When the layer of dew lifted, there on the surface of the wilderness was a fine flaky substance, as fine as frost on the ground. When the Israelites saw it, they said to one another, “What is it?” For they did not know what it was. Moses said to them, “It is the bread that the Lord has given you to eat. This is what the Lord has commanded: ‘Gather as much of it as each of you needs, an omer [measuring volume] to a person according to the number of persons, all providing for those in their own tents.’”


Nehemiah 9:15

For their hunger you gave them bread from heaven, and for their thirst you brought water for them out of the rock.

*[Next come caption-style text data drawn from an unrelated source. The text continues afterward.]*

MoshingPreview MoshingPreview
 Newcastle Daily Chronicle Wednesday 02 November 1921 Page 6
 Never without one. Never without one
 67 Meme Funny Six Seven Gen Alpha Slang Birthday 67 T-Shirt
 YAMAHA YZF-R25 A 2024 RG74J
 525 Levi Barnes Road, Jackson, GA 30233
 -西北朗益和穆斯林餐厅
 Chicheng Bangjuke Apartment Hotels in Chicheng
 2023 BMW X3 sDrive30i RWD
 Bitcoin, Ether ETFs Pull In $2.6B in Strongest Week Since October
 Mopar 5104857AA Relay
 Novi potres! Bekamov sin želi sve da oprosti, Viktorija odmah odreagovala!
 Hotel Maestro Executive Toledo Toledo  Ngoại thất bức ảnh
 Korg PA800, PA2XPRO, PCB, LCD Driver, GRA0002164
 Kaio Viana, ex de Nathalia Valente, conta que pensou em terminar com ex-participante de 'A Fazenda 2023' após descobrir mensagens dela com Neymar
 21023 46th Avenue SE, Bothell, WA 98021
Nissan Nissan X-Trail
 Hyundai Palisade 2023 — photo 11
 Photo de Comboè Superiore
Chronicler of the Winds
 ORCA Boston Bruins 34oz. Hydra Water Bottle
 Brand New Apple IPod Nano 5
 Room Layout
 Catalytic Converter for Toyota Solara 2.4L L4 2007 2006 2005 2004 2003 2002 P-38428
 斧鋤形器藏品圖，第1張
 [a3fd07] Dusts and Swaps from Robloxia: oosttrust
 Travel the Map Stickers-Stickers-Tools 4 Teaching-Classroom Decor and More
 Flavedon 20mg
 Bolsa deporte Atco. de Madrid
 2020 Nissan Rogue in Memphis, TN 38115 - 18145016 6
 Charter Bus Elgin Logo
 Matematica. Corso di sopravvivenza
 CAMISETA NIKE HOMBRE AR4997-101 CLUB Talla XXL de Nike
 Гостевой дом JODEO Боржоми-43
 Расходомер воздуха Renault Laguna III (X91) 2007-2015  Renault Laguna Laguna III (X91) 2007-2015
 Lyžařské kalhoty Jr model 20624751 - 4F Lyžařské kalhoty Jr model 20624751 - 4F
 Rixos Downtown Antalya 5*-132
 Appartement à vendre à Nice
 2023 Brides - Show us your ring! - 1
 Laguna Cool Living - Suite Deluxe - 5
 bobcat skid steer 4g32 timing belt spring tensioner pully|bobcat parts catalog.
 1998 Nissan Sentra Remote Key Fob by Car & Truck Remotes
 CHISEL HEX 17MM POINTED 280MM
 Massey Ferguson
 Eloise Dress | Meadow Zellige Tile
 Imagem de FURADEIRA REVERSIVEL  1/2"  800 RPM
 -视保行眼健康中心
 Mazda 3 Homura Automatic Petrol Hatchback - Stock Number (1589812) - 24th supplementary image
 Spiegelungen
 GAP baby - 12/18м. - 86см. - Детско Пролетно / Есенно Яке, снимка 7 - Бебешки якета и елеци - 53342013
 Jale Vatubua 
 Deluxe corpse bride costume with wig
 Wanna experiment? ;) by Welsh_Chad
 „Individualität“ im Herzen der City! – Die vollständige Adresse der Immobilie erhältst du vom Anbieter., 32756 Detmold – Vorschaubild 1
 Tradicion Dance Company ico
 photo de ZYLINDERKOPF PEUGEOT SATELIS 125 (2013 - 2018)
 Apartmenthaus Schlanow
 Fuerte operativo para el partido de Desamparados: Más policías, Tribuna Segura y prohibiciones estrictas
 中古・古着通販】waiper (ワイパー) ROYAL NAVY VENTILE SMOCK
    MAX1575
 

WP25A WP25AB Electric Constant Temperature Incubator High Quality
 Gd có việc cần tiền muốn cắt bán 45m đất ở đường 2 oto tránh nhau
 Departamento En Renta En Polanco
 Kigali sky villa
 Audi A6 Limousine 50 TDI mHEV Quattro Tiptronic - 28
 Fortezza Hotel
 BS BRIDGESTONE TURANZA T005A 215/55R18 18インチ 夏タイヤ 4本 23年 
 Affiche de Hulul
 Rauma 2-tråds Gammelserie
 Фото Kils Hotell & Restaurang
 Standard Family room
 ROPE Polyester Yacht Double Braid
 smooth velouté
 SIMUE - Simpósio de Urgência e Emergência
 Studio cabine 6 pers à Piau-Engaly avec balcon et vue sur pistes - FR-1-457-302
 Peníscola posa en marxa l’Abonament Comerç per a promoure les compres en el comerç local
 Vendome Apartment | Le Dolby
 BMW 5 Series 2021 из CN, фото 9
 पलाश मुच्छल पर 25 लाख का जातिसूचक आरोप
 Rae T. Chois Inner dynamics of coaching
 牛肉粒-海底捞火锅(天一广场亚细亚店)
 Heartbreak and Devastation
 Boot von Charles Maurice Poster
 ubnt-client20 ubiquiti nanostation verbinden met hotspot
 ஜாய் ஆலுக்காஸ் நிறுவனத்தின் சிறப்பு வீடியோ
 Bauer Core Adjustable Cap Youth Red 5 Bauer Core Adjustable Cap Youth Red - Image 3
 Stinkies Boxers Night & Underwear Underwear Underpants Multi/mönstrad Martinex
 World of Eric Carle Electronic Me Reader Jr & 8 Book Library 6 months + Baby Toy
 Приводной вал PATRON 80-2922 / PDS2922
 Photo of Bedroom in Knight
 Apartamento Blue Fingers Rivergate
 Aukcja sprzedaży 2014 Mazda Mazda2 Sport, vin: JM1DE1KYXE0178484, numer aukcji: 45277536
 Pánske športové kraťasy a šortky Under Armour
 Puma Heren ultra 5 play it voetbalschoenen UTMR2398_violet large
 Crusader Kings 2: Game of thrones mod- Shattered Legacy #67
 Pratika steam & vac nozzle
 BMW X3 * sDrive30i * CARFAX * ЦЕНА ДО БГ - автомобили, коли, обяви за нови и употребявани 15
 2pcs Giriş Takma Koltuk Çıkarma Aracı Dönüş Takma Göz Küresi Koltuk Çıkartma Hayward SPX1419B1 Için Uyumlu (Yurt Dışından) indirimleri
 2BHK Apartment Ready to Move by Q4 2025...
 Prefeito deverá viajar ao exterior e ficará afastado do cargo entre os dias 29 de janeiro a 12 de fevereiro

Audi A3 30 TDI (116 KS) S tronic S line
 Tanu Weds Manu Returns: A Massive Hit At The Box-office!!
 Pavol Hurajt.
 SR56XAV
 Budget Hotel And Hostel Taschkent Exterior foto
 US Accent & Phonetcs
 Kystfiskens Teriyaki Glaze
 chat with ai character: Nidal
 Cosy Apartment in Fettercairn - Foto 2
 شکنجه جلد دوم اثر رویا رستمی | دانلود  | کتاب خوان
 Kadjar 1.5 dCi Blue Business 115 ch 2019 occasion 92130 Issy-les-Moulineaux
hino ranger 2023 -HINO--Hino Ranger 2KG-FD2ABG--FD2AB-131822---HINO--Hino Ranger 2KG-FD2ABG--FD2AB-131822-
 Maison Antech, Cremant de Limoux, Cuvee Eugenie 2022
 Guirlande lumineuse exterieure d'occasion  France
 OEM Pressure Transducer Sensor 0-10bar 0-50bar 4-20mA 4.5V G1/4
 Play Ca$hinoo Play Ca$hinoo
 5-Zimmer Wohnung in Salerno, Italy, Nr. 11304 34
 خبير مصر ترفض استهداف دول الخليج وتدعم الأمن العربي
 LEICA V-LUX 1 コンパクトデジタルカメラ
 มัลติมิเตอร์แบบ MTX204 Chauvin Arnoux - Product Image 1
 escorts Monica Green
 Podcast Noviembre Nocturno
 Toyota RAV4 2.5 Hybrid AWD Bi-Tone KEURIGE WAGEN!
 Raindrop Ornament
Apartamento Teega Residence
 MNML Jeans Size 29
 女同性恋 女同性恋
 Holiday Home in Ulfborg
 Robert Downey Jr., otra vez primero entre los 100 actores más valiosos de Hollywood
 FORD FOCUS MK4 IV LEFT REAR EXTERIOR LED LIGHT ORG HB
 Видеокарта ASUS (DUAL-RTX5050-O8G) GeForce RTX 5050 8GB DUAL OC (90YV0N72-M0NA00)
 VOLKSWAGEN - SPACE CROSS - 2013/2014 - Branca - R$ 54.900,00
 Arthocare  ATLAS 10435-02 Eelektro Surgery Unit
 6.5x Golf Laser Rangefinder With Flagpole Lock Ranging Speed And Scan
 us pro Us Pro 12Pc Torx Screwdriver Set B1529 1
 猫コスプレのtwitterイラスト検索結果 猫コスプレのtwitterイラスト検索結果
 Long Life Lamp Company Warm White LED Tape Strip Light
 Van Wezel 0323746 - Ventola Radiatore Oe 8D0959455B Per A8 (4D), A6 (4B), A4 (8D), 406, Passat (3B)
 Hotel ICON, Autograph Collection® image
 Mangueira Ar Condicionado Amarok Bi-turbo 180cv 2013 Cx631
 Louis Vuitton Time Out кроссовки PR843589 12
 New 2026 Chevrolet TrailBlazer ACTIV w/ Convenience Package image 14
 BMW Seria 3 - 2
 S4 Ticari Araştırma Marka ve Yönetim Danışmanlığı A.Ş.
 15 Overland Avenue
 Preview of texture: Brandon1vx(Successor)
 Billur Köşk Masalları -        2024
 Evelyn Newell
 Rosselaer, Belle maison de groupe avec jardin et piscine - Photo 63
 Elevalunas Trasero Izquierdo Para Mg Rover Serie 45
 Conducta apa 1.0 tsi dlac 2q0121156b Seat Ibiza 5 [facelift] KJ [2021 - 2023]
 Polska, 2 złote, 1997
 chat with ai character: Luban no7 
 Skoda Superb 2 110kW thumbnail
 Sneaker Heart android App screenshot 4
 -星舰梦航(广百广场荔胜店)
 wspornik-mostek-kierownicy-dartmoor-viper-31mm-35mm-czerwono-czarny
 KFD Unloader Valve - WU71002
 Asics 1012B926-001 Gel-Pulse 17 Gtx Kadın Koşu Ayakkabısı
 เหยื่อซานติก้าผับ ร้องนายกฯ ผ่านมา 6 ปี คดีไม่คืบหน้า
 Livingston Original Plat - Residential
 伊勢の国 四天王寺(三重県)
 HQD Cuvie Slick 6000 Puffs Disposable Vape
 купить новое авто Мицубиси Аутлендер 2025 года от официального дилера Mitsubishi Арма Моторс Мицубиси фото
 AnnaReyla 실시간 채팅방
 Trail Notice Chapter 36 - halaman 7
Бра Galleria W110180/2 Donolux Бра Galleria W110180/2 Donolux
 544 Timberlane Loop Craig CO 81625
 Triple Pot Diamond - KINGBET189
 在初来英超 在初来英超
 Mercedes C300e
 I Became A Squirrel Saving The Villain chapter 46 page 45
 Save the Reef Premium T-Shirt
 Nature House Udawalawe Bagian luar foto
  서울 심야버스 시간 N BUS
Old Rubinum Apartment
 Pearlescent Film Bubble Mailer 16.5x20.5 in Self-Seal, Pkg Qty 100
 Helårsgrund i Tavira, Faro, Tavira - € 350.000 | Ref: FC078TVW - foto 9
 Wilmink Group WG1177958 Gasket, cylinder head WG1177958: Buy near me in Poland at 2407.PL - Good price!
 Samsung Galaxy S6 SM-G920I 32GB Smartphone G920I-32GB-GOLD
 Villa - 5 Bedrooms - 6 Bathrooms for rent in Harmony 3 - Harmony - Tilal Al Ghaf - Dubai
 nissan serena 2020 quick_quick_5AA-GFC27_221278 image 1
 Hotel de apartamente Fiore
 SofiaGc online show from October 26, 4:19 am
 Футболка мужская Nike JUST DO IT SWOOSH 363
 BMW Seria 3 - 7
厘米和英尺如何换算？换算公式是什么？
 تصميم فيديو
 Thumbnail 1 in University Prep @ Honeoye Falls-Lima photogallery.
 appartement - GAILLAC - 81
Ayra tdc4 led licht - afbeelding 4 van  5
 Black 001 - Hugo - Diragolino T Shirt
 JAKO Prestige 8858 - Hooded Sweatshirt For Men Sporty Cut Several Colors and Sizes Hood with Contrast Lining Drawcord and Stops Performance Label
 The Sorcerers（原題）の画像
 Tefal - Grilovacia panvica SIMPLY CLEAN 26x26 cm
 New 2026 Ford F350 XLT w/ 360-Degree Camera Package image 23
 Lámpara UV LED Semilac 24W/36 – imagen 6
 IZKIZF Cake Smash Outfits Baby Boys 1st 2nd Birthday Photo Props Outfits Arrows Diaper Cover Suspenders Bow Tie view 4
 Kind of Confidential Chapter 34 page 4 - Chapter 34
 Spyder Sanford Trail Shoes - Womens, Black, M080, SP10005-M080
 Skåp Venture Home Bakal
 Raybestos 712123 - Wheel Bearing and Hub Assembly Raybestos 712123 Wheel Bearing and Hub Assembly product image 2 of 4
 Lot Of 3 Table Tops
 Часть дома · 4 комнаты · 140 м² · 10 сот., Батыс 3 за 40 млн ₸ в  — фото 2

Manna (without flesh, dairy, or eggs) provided by God is of such importance that Moses instructs people to preserve and remember this food in Exodus 16:31-36.


Exodus 16:31-36

The house of Israel called it manna; it was like coriander seed, white, and the taste of it was like wafers made with honey. Moses said, “This is what the Lord has commanded: ‘Let an omer of it be kept throughout your generations, in order that they may see the food with which I fed you in the wilderness, when I brought you out of the land of Egypt.’” And Moses said to Aaron, “Take a jar, and put an omer of manna in it, and place it before the Lord, to be kept throughout your generations.” As the Lord commanded Moses, so Aaron placed it before the covenant, for safekeeping. The Israelites ate manna forty years, until they came to a habitable land; they ate manna, until they came to the border of the land of Canaan.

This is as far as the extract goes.